Sugiero que se piense en la precavida cautela de Descartes (que le llevó a no publicar su Tratado del mundo con el consiguiente extravío del mismo) al recibir la noticia de la condena de Galileo por la tesis de que la tierra se movía (tesis que el propio Descartes sostenía en su obra) o en su confortable moral provisional mientras iba elaborando las reglas básicas de su método. Y se compare con el desasosiego existencial que invadió al pintor toda su vida.
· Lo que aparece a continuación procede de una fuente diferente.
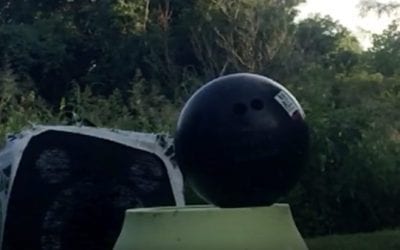 Man Attempts to Shoot Bowling Ball With Compound Bow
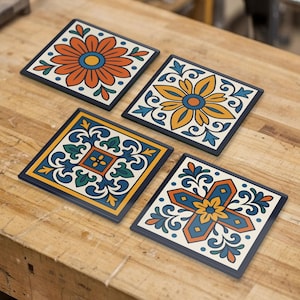 Può includere: Un set di quattro sottobicchieri quadrati con motivi distinti in arancione, giallo, blu e verde. Ogni sottobicchiere presenta un motivo floreale o geometrico unico su uno sfondo color crema con un bordo scuro, disposti su una superficie in legno.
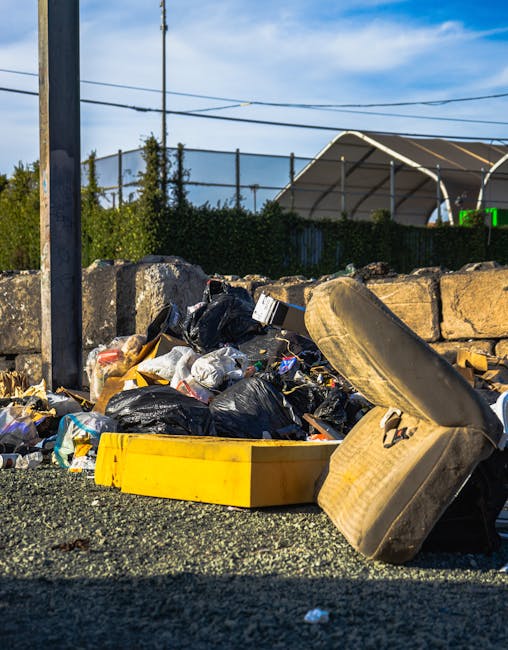 Three large black plastic garbage bags filled with waste are stacked against a dark wooden fence on a street curb. The bags are crumpled and appear to be tightly sealed, with some visible creases and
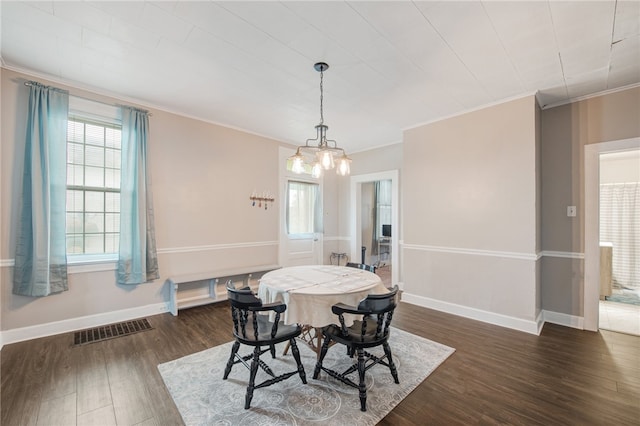 dining area featuring a notable chandelier, dark hardwood / wood-style floors, and ornamental molding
Se sabe que en sus últimos años, Cézanne estuvo obsesionado por la representación de unos cuantos temas, siempre los mismos, como es el caso de la montaña de Sainte Victoire (de la que existen más de treinta óleos y casi otras tantas acuarelas) así como por la pintura de bañistas, tema del que se conocen casi ciento cuarenta trabajos entre dibujos, acuarelas y óleos, sin que en ningún momento llegara a sentirse plenamente satisfecho de los logros alcanzados. Unas semanas antes de morir, mientras seguía ocupado en estas obras todavía, escribió a su hijo lo siguiente: Aquí, a orillas del río se multiplican los motivos; el mismo motivo visto desde otro ángulo, ofrece un estudio de gran interés y de tal variedad que me parece que me podría ocupar con él durante meses sin cambiar de sitio, simplemente girándome un poco a la derecha o a la izquierda. Este fragmento de una carta sumamente reveladora, acaba por completar al que le antecede: Quiero decirte finalmente que, como pintor, me siento iluminado por la naturaleza, pero me cuesta muchísimo realizar estas sensaciones. No puedo alcanzar en el lienzo la intensidad que se brinda a mis sentidos. No poseo la maravillosa paleta de colores que tiene la Naturaleza.
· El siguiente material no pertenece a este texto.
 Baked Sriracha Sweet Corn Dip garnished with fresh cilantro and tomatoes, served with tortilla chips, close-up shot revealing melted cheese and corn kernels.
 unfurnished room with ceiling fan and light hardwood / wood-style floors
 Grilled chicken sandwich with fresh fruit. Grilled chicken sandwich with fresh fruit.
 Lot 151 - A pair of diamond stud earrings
¿Cuál fue la experiencia fundamental de Descartes? Cogito ergo sum, Pienso luego existo. Pero la certidumbre acabó por exigirle el repudio de su propio cuerpo, debido a la identificación del yo con el puro pensamiento. Qué distinta resulta de la de Cézanne. Mientras que en el filósofo la comprensión de sí mismo como sustancia pensante hace que éste se libere de un golpe del sentimiento de reclusión al que las limitaciones del cuerpo tienen sometido a su espíritu, en el pintor se produce un efecto inverso: La tenaz insistencia de Cézanne en arrebatarle al mundo toda la sustancia pictórica pone de manifiesto, de manera cada vez más acentuada, los límites de su humanidad. Su experiencia se vuelve arrebatadora a medida que la finitud se va adentrando en la obra a través de la propia expresión. Luego, la aventura de Cézanne, eso sí, habría de ser determinante en el desarrollo posterior de la pintura.